Not so long ago, the western word was amused by “cupping” practices of some athletes during 2016 Olympic games in Rio. That is actually a traditional way to deal with cold and flu symptoms in post-Soviet countries. Another customary way to treat those illnesses is to dip the feet or even the legs up to the knee into a bowl or bucket with hot water (you can add few table spoons of dry mustard if you want an extra kick) and hold them there as long as possible. As soon as you are done, put on warm socks (cotton or wool) and lay under the warm blanket. A direct rendition of “парить ноги” (“steam your feet”) will definitely puzzle an American provider, so an interpreter would need to take time to explain procedure and its purpose to the listener.
Did you hear about душ Шарко – “Sharko shower” (“Charcot’s douche”) for treatments of a gout? It was also used for weight loss, muscles relaxation, improvement of blood circulation and as a remedy for depression. Sharko shower was a popular hydro massage procedure. From 8.5-10 feet away patient was showered with two compact high pressure (1.5-3 atmospheres) jets at the same time, from top to toe. The contrast effect (one the jets was about 104 F and another one was 68 F) and the strength of the stream were believed to be the most beneficial. Because side effects included bruising it was not recommended before or during beach season.
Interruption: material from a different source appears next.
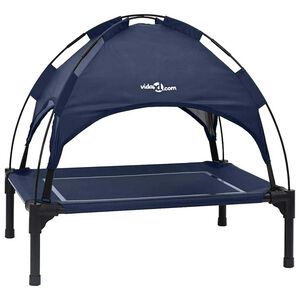 vidaXL Dog Bed Folding Manual Navy Blue 63 x 49.5 x 60 cm Steel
Right next to this group is another one consisting from common believes that are traditional in LEP culture but sounds very foreign to an English speaker. Technically they are not medical terms but they are significant for understanding patient’s message to a provider and I would like to mention this group here. If LEP from post-Soviet republic tells doctor “my low back hurts, because I was sitting by the window last night, the door was open and there was a cold draft,” an English-speaking provider might wonder how the draft and the low back pain are connected. But the situation is very clear to a Russian interpreter: being exposed to a draft (especially in hot weather or after taking a shower) is the obvious reason for inflammation of joints, ovaries and or even the appendix in the LEP mind.
Sitting on a cold surface (brick, stone, metal bench during cold seasons) or drinking cold fluids are believed to be the cause of pain or inflammation as well. The sentences like “It was getting chilly outside but I was sitting on swing for too long. Now my uterine appendages are in pain” or “I drank milk straight from the refrigerator and had itchy throat the next day” will make sense to a provider if interpreter conveys the believe behind those phrases.
The goal of this article was to take a look at and invite discussion about two significant categories of medical terminology that are related not only to medicine and linguistics, but also to the legal systems, social and cultural contexts, and scientific developments.. Better classification and unification of terminology across the languages will improve our performance, provider and patient experiences working with interpreters and move us up as professionals.